--- Exercise requirements ---
Your answer must be only the lines below from the one containing "cartoon exploding chemicals in test tube png" through the one containing "Eight Treasures Gaiwan", copied exactly, with the pictures left out.

━━━ Entries provided

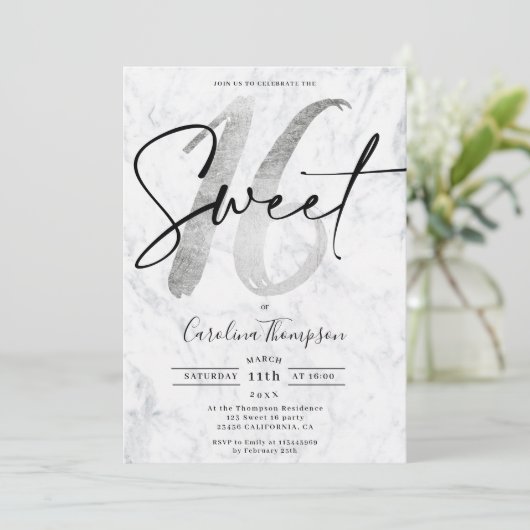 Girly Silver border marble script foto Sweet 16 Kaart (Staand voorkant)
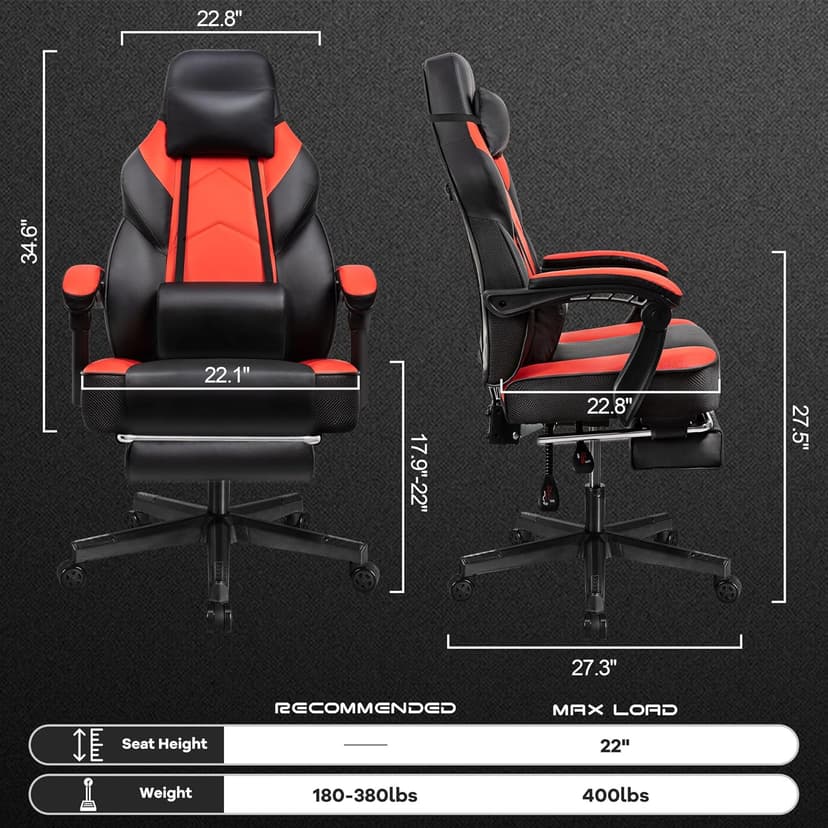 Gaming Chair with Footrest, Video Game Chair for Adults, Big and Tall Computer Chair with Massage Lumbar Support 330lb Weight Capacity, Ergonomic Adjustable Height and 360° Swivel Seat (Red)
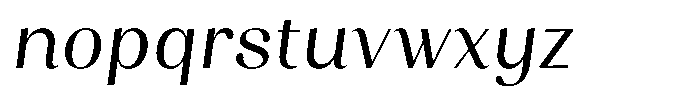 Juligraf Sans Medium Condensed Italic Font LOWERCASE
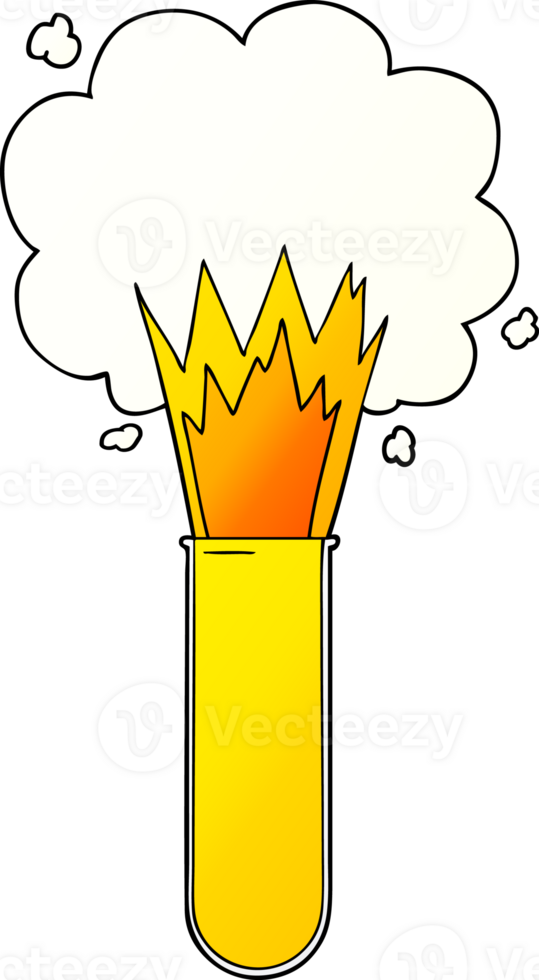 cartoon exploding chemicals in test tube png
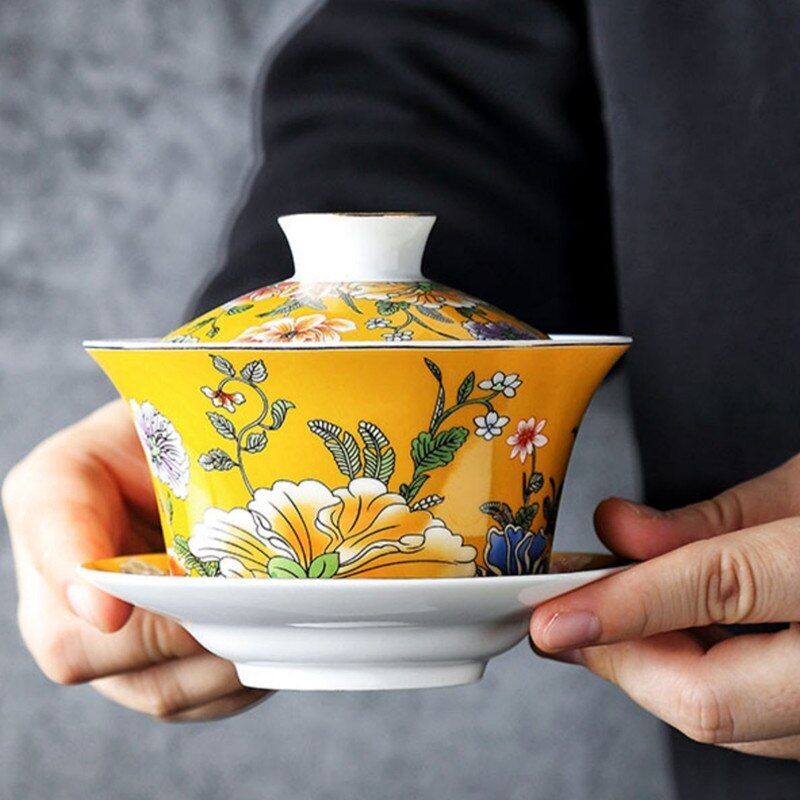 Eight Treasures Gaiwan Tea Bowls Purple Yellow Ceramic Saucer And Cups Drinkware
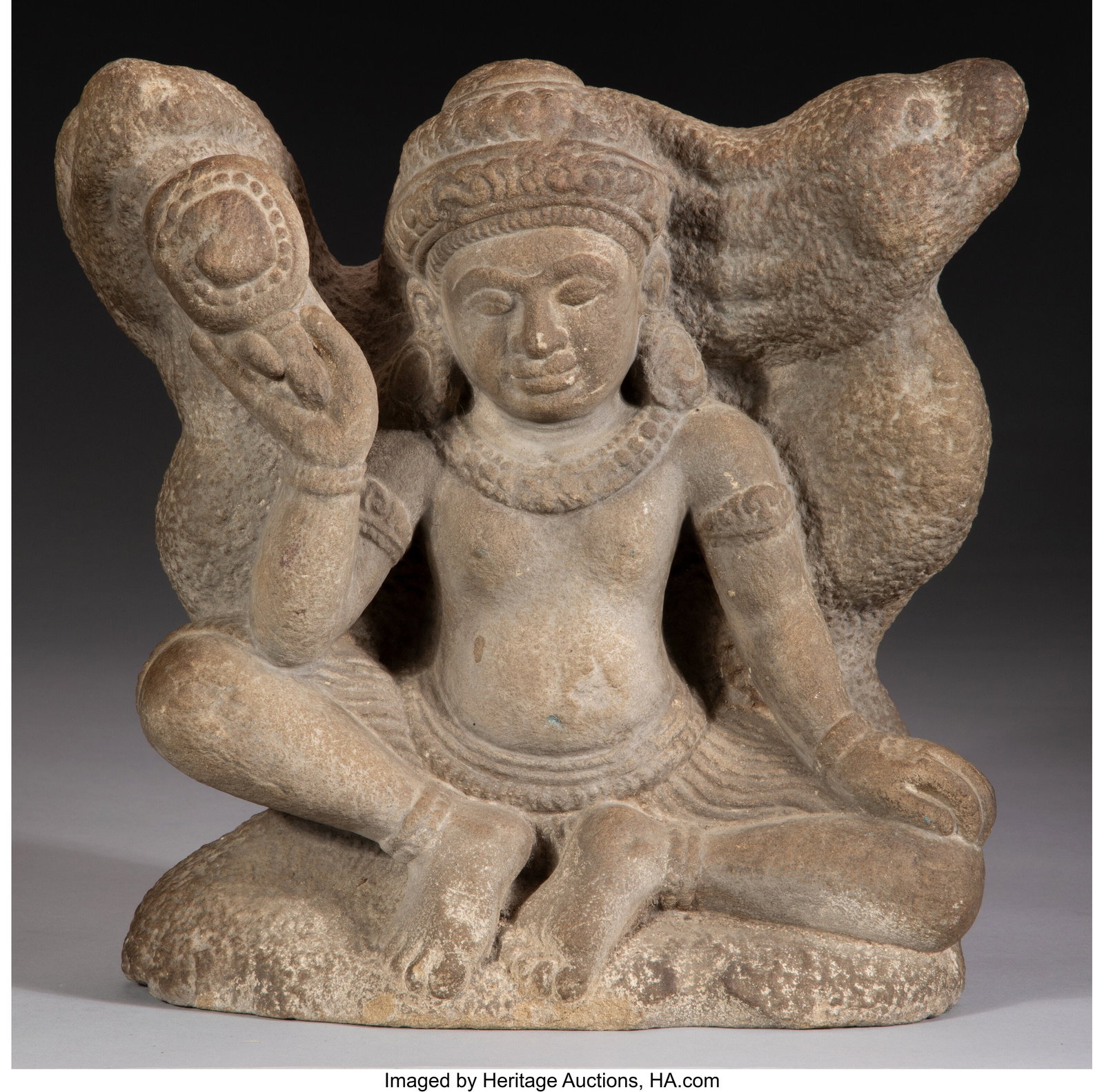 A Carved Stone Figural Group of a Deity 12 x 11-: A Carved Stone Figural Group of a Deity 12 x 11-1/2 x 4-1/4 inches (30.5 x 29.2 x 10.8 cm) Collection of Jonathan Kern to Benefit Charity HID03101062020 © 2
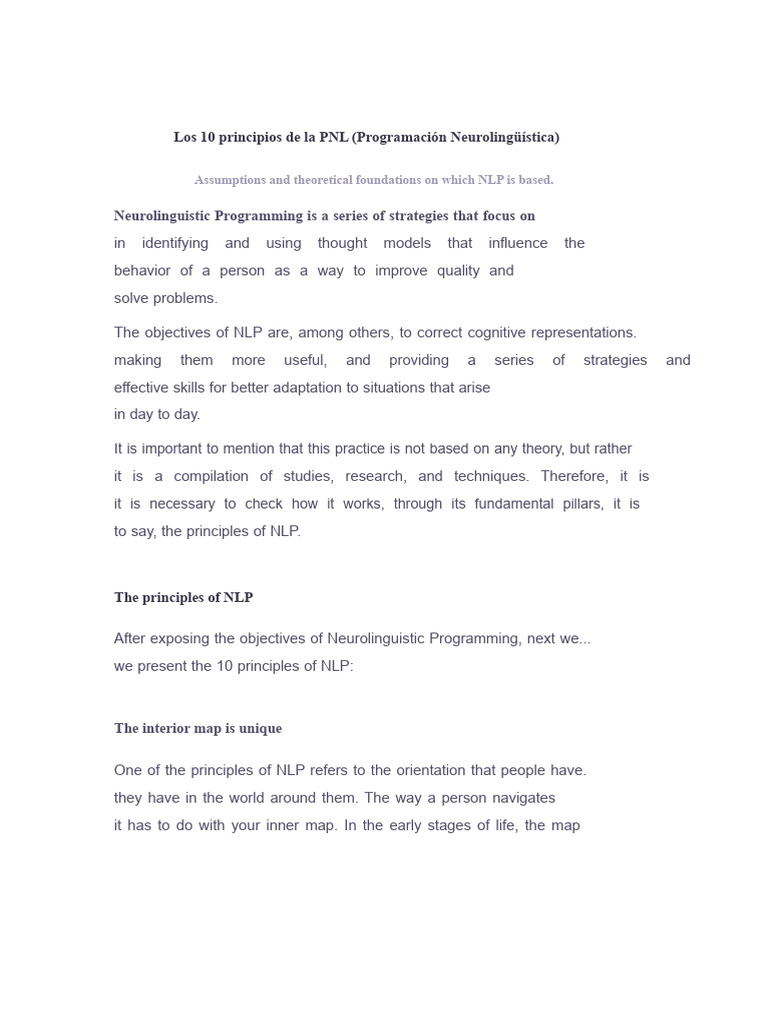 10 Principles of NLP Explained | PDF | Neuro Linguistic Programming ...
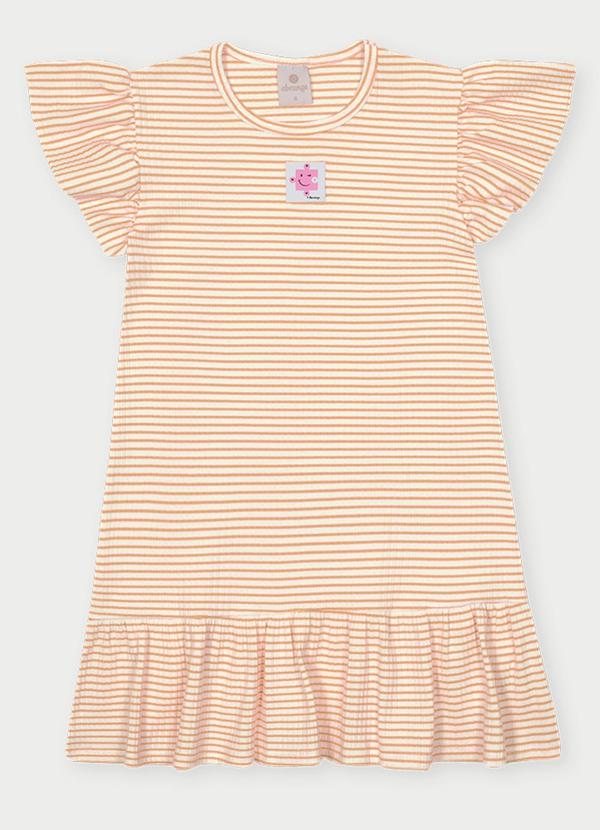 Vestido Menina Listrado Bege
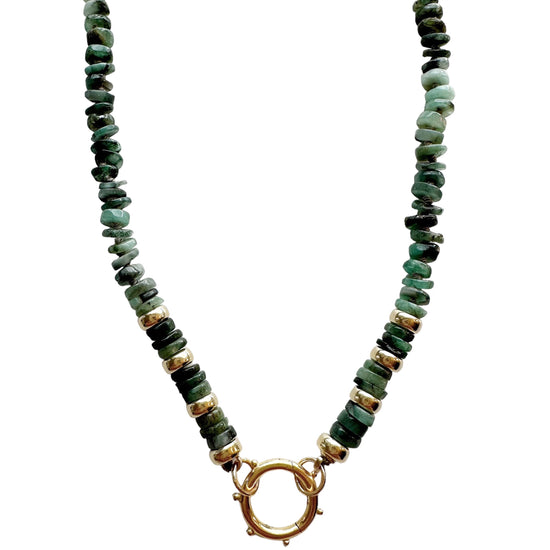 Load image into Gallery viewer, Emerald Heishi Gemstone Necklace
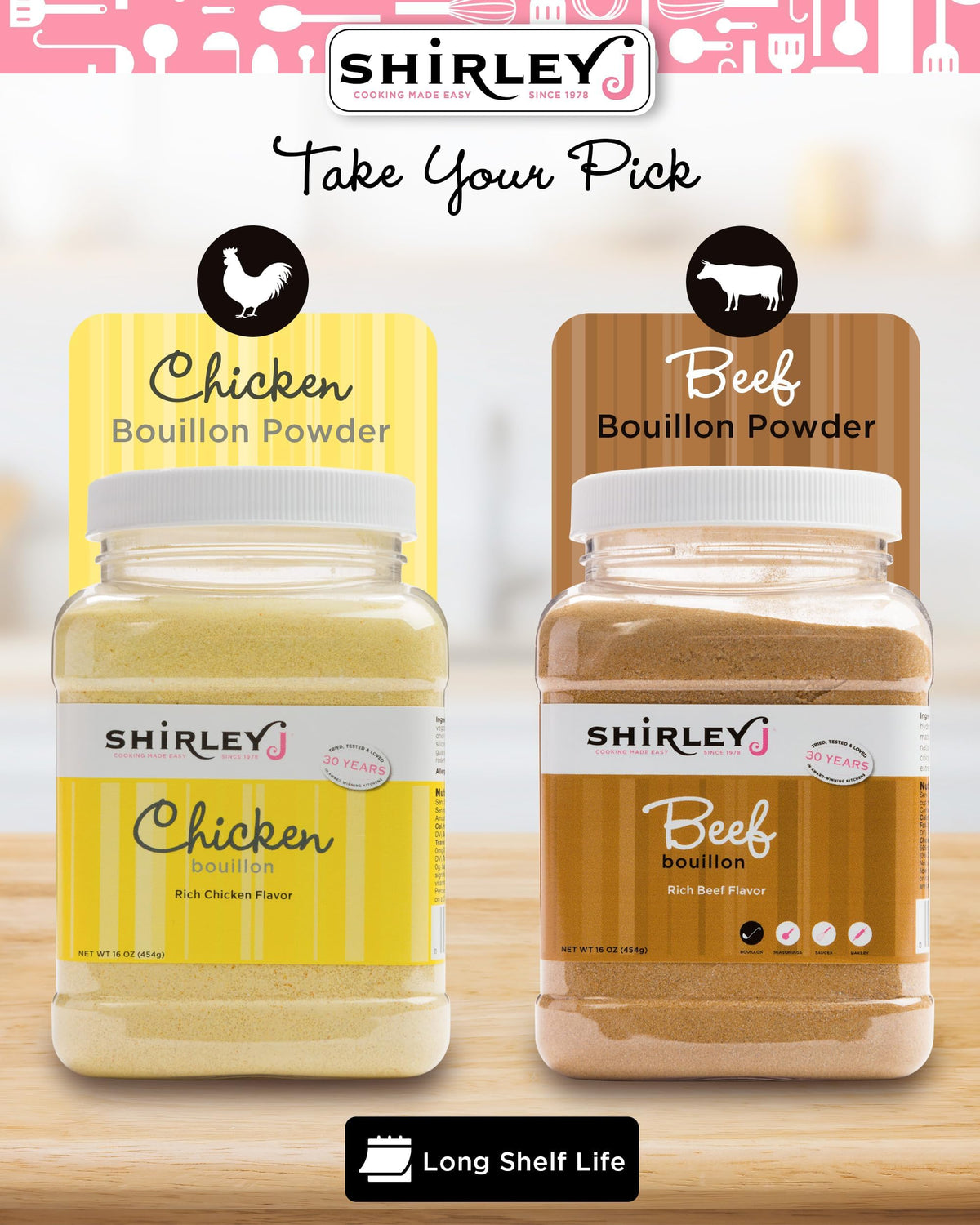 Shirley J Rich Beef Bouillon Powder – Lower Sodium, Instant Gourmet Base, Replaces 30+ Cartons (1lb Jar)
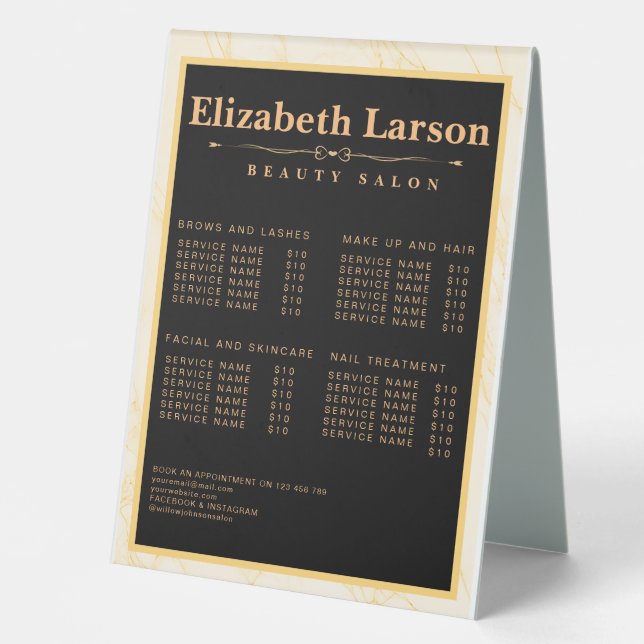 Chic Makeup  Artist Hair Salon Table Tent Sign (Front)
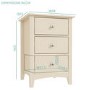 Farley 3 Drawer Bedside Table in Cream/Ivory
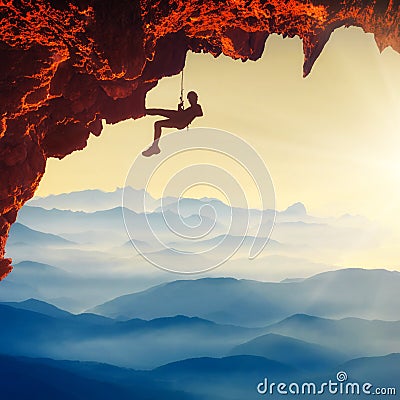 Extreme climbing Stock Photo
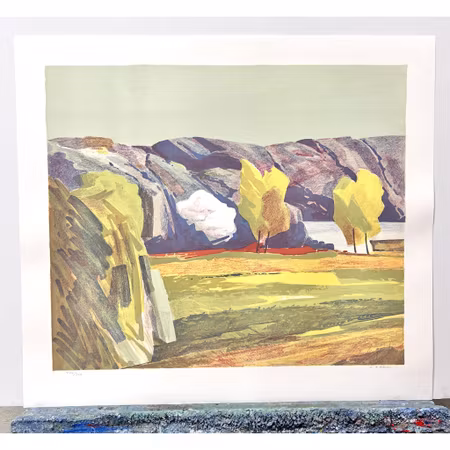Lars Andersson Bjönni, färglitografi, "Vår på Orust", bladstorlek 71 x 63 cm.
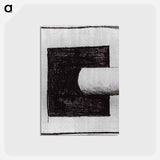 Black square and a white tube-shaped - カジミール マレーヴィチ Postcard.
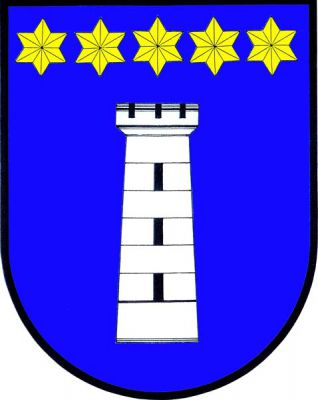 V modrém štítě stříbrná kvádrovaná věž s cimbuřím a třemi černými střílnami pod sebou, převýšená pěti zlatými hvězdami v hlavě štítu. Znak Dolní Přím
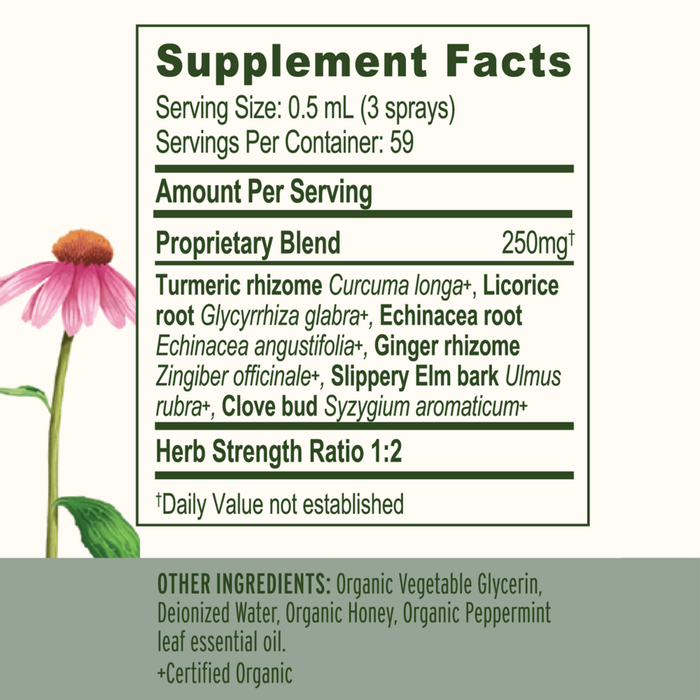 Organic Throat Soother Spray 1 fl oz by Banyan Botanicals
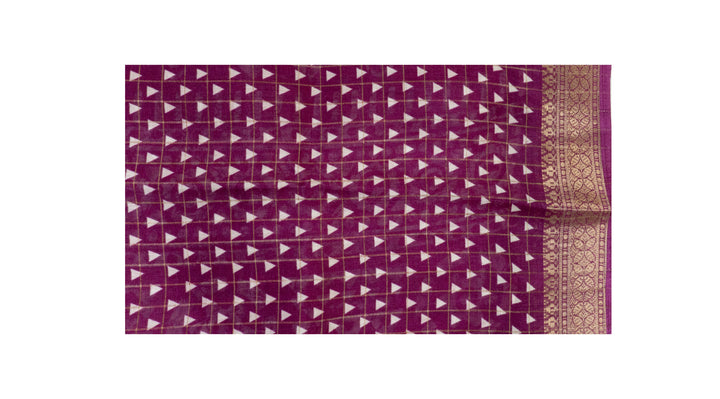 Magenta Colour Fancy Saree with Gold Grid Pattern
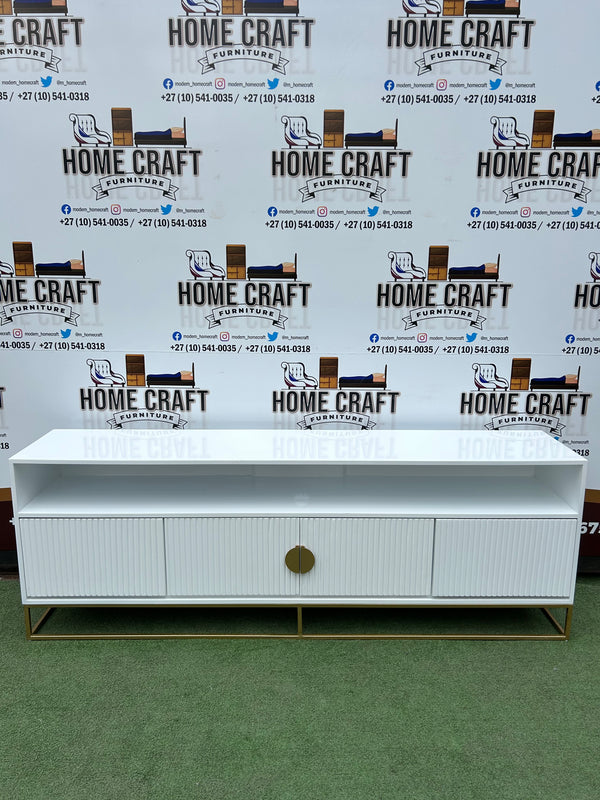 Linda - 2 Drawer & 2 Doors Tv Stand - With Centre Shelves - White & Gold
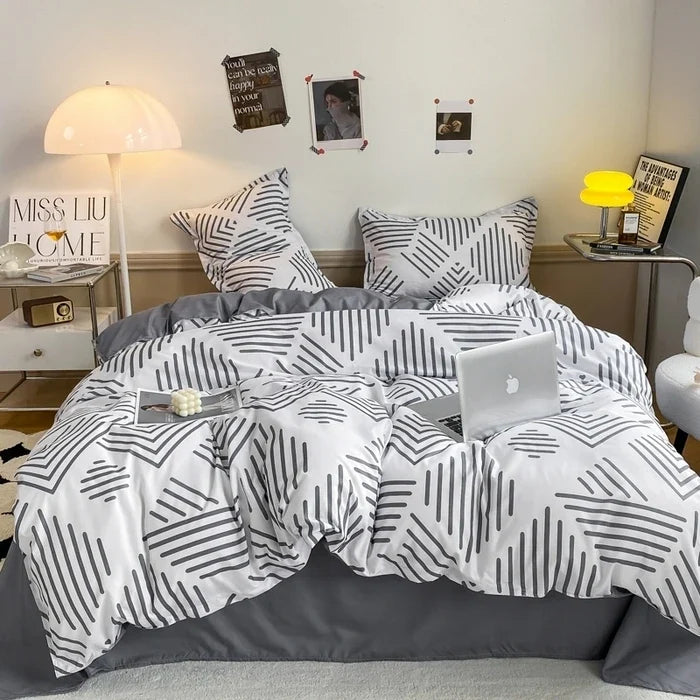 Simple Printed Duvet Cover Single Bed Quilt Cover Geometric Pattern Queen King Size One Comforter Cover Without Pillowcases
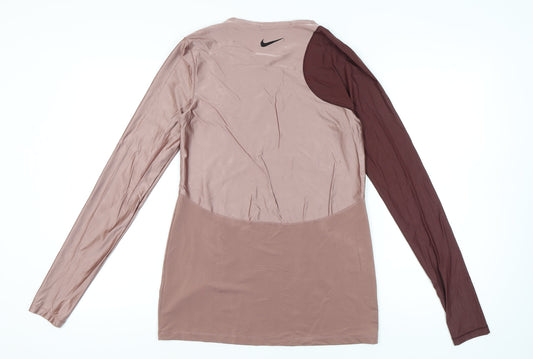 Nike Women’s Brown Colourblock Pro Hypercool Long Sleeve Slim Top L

━━━━━━

--- Expected answer ---
 cartoon exploding chemicals in test tube png
 Eight Treasures Gaiwan Tea Bowls Purple Yellow Ceramic Saucer And Cups Drinkware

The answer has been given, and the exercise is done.